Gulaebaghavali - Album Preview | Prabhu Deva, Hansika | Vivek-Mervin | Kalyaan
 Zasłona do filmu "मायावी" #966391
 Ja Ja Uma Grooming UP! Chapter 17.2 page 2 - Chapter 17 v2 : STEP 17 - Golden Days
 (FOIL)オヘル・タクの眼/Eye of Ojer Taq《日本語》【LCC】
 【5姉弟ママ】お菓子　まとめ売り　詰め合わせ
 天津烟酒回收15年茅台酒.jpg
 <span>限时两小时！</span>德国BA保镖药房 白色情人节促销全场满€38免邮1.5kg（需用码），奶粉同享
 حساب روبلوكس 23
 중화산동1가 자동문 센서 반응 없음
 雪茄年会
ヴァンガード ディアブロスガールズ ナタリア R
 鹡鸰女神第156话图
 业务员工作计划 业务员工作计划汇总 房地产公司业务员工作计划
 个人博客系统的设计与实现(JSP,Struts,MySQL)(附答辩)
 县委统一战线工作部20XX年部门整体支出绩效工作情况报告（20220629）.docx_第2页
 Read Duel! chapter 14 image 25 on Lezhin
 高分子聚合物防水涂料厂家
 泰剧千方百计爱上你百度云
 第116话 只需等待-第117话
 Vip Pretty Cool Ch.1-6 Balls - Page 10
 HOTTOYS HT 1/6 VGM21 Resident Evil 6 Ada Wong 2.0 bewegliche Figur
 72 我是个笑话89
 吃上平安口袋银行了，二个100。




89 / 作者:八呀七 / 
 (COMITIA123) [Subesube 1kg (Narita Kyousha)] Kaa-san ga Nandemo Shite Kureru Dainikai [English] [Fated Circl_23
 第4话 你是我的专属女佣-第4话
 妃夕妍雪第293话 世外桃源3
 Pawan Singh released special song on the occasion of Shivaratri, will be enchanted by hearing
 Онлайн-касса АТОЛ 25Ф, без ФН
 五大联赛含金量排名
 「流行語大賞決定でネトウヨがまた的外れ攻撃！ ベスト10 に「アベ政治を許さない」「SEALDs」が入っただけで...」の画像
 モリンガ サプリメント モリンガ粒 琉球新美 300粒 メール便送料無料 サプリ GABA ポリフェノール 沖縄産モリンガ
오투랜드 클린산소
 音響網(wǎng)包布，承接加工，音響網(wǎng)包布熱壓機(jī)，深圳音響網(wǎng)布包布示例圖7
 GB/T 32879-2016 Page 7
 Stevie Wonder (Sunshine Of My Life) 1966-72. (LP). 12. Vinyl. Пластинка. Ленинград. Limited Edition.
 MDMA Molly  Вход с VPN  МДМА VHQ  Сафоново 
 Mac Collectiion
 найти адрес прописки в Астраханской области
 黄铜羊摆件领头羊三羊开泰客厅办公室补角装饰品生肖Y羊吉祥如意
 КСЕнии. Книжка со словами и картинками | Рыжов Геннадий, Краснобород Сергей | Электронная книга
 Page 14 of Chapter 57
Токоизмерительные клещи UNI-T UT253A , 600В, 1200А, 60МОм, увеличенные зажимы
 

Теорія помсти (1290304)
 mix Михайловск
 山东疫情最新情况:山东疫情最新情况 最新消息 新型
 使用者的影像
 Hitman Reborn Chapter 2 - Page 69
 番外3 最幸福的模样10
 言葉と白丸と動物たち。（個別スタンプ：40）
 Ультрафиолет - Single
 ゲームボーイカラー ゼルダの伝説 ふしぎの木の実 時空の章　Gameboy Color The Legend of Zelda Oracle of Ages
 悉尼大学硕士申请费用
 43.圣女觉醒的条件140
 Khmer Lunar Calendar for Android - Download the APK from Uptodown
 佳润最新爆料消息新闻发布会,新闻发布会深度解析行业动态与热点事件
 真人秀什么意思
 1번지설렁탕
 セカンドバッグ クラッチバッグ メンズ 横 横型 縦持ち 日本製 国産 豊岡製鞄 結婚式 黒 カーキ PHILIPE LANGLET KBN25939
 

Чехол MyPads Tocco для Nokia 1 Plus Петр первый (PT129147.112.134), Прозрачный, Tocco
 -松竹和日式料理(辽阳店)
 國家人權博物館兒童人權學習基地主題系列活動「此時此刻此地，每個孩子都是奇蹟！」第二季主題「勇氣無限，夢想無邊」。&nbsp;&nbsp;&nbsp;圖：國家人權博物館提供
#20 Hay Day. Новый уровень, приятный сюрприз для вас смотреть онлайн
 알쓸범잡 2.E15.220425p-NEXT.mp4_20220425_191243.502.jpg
- - - - - - -
[TASK REQUIREMENTS] Please make an exact copy of the entries, down to the last character.

[ANSWER]
Gulaebaghavali - Album Preview | Prabhu Deva, Hansika | Vivek-Mervin | Kalyaan
 Zasłona do filmu "मायावी" #966391
 Ja Ja Uma Grooming UP! Chapter 17.2 page 2 - Chapter 17 v2 : STEP 17 - Golden Days
 (FOIL)オヘル・タクの眼/Eye of Ojer Taq《日本語》【LCC】
 【5姉弟ママ】お菓子　まとめ売り　詰め合わせ
 天津烟酒回收15年茅台酒.jpg
 <span>限时两小时！</span>德国BA保镖药房 白色情人节促销全场满€38免邮1.5kg（需用码），奶粉同享
 حساب روبلوكس 23
 중화산동1가 자동문 센서 반응 없음
 雪茄年会
ヴァンガード ディアブロスガールズ ナタリア R
 鹡鸰女神第156话图
 业务员工作计划 业务员工作计划汇总 房地产公司业务员工作计划
 个人博客系统的设计与实现(JSP,Struts,MySQL)(附答辩)
 县委统一战线工作部20XX年部门整体支出绩效工作情况报告（20220629）.docx_第2页
 Read Duel! chapter 14 image 25 on Lezhin
 高分子聚合物防水涂料厂家
 泰剧千方百计爱上你百度云
 第116话 只需等待-第117话
 Vip Pretty Cool Ch.1-6 Balls - Page 10
 HOTTOYS HT 1/6 VGM21 Resident Evil 6 Ada Wong 2.0 bewegliche Figur
 72 我是个笑话89
 吃上平安口袋银行了，二个100。




89 / 作者:八呀七 / 
 (COMITIA123) [Subesube 1kg (Narita Kyousha)] Kaa-san ga Nandemo Shite Kureru Dainikai [English] [Fated Circl_23
 第4话 你是我的专属女佣-第4话
 妃夕妍雪第293话 世外桃源3
 Pawan Singh released special song on the occasion of Shivaratri, will be enchanted by hearing
 Онлайн-касса АТОЛ 25Ф, без ФН
 五大联赛含金量排名
 「流行語大賞決定でネトウヨがまた的外れ攻撃！ ベスト10 に「アベ政治を許さない」「SEALDs」が入っただけで...」の画像
 モリンガ サプリメント モリンガ粒 琉球新美 300粒 メール便送料無料 サプリ GABA ポリフェノール 沖縄産モリンガ
오투랜드 클린산소
 音響網(wǎng)包布，承接加工，音響網(wǎng)包布熱壓機(jī)，深圳音響網(wǎng)布包布示例圖7
 GB/T 32879-2016 Page 7
 Stevie Wonder (Sunshine Of My Life) 1966-72. (LP). 12. Vinyl. Пластинка. Ленинград. Limited Edition.
 MDMA Molly  Вход с VPN  МДМА VHQ  Сафоново 
 Mac Collectiion
 найти адрес прописки в Астраханской области
 黄铜羊摆件领头羊三羊开泰客厅办公室补角装饰品生肖Y羊吉祥如意
 КСЕнии. Книжка со словами и картинками | Рыжов Геннадий, Краснобород Сергей | Электронная книга
 Page 14 of Chapter 57
Токоизмерительные клещи UNI-T UT253A , 600В, 1200А, 60МОм, увеличенные зажимы
 

Теорія помсти (1290304)
 mix Михайловск
 山东疫情最新情况:山东疫情最新情况 最新消息 新型
 使用者的影像
 Hitman Reborn Chapter 2 - Page 69
 番外3 最幸福的模样10
 言葉と白丸と動物たち。（個別スタンプ：40）
 Ультрафиолет - Single
 ゲームボーイカラー ゼルダの伝説 ふしぎの木の実 時空の章　Gameboy Color The Legend of Zelda Oracle of Ages
 悉尼大学硕士申请费用
 43.圣女觉醒的条件140
 Khmer Lunar Calendar for Android - Download the APK from Uptodown
 佳润最新爆料消息新闻发布会,新闻发布会深度解析行业动态与热点事件
 真人秀什么意思
 1번지설렁탕
 セカンドバッグ クラッチバッグ メンズ 横 横型 縦持ち 日本製 国産 豊岡製鞄 結婚式 黒 カーキ PHILIPE LANGLET KBN25939
 

Чехол MyPads Tocco для Nokia 1 Plus Петр первый (PT129147.112.134), Прозрачный, Tocco
 -松竹和日式料理(辽阳店)
 國家人權博物館兒童人權學習基地主題系列活動「此時此刻此地，每個孩子都是奇蹟！」第二季主題「勇氣無限，夢想無邊」。&nbsp;&nbsp;&nbsp;圖：國家人權博物館提供
#20 Hay Day. Новый уровень, приятный сюрприз для вас смотреть онлайн
 알쓸범잡 2.E15.220425p-NEXT.mp4_20220425_191243.502.jpg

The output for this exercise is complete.